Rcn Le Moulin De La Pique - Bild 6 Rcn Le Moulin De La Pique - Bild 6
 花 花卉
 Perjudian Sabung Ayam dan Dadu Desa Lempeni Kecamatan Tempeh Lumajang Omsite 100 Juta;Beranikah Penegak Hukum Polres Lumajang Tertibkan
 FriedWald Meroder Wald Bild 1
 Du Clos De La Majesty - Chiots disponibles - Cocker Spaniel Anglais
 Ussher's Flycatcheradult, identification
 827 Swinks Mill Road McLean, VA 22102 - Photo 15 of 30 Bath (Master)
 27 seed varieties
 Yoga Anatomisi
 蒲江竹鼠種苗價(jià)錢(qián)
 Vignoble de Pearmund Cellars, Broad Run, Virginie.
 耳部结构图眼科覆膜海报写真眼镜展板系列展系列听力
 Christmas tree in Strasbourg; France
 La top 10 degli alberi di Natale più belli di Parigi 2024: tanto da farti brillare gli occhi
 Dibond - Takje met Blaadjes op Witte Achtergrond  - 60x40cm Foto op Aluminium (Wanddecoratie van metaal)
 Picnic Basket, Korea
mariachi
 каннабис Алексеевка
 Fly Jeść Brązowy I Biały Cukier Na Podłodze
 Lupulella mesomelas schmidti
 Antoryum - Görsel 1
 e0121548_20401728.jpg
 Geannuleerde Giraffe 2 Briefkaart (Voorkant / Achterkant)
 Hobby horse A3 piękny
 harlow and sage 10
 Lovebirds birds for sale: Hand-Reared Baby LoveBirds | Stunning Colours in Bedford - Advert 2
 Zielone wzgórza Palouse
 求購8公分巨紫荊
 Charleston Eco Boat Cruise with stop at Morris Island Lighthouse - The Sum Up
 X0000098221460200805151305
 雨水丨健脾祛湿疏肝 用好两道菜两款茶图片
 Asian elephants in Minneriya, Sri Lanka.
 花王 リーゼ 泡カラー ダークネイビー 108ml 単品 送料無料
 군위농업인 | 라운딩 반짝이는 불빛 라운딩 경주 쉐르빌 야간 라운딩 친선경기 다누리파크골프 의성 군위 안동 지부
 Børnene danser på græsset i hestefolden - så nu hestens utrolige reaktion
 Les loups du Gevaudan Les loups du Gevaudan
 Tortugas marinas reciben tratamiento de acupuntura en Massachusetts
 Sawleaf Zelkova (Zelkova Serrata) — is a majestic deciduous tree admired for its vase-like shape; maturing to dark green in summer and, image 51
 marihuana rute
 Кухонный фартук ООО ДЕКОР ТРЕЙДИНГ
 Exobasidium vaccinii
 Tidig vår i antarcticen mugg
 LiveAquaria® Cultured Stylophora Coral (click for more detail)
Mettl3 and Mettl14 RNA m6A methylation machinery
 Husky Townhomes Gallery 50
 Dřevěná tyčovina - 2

════════

TASK ITEM>
Only the lines from the one containing "LiveAquaria® Cultured Stylophora" through the last line of the records should appear, each written out exactly.

RESPONSE TO THE TASK>
 LiveAquaria® Cultured Stylophora Coral (click for more detail)
Mettl3 and Mettl14 RNA m6A methylation machinery
 Husky Townhomes Gallery 50
 Dřevěná tyčovina - 2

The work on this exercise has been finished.